Following the decision last March to establish a new executive agency, we have undertaken a second-stage options appraisal to examine how the agency could deliver a rights-based social security service in a way that both aligns with our core principles of dignity, fairness and respect and achieves value for money. In doing so, we have again underlined our commitment to co-production and transparency by involving partners from the third sector, local government and academia and using the responses to the social security consultation to determine and assess the appraisal criteria. That was a formidable and detailed analytical task, which has led to a thorough and balanced options appraisal report, which itself demonstrates the integrity and robustness of the process and the evidence base from which we have worked.
Our preferred model for delivery has two key strands. Ten of the 11 devolved benefits will be delivered directly by the new social security agency through an efficient centralised function. However, our social security agency will also provide locally accessible face-to-face pre-claims advice and support, co-located—where possible—in places that people already visit. Discretionary housing payments and the Scottish welfare fund will continue to be delivered by local authorities.
The option that we have chosen will best deliver on our key objectives, which are: consistency of provision across Scotland; a person-centred, rights-based service; a strong, local, human face to improve accessibility and support; and a safe and secure transition for the 1.4 million people who rely on the service.
That local presence will be one of the key differences between our social security agency and the current United Kingdom system. Our approach will provide consistency of service across Scotland—irrespective of where an individual lives—and a more responsive service.
We welcome the 11 benefits being devolved, but too much remains reserved and will continue to be delivered in a UK system that has all the deficiencies and faults that are so eloquently detailed in responses to our consultation. We want to see all welfare being devolved, so the agency that we are creating will have built into it the ability to expand to accommodate new powers in the future.

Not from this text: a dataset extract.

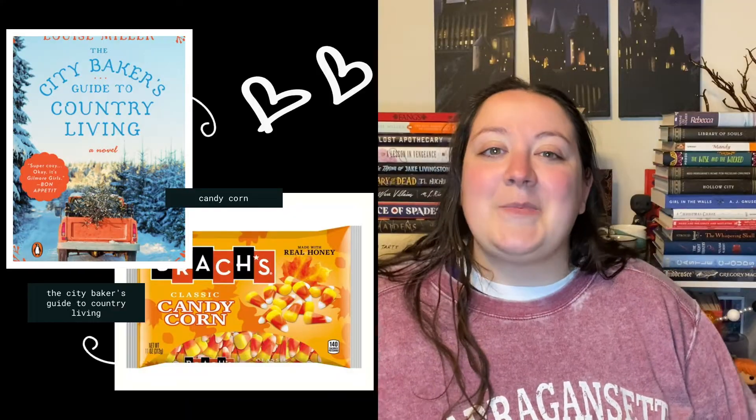Next we have Buncha Crunch, and I am pairing that with The Woman in Black. Both of these appear deceptively simple but are ultimately addicting.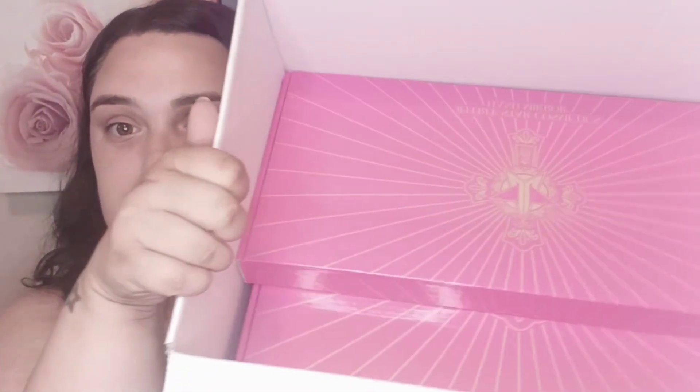Please excuse my swatching — I'm not the best at it. So let's go ahead and continue with the video. I do have two more goodies in here, and if you guys can tell, I really went in on this collection. So I have this guy and I have this one.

Our next steps will be to decide on the agency’s central location. Again we will take a systematic, evidence-based approach, taking into account a variety of socioeconomic factors and using the same multicriteria framework that was used for the wider options appraisal. In identifying co-location opportunities for the local presence that is central to our model, we will begin discussions with local partners.
There is no doubt that the jobs created in the new agency will bring a major economic benefit to Scotland. We estimate that at least 1,500 people will work in Scotland’s social security agency when it is fully operational. With our provision of a local presence across Scotland, those jobs will not be confined to one central location.
As one would expect, we required the options appraisal to closely examine the estimated running costs of the new system. I am pleased to report that our chosen delivery model not only meets our principles, but represents the best value for money. Although the figures will be refined as we move forward, we estimate that when the agency is fully delivering all the benefits its annual running costs will be around £150 million.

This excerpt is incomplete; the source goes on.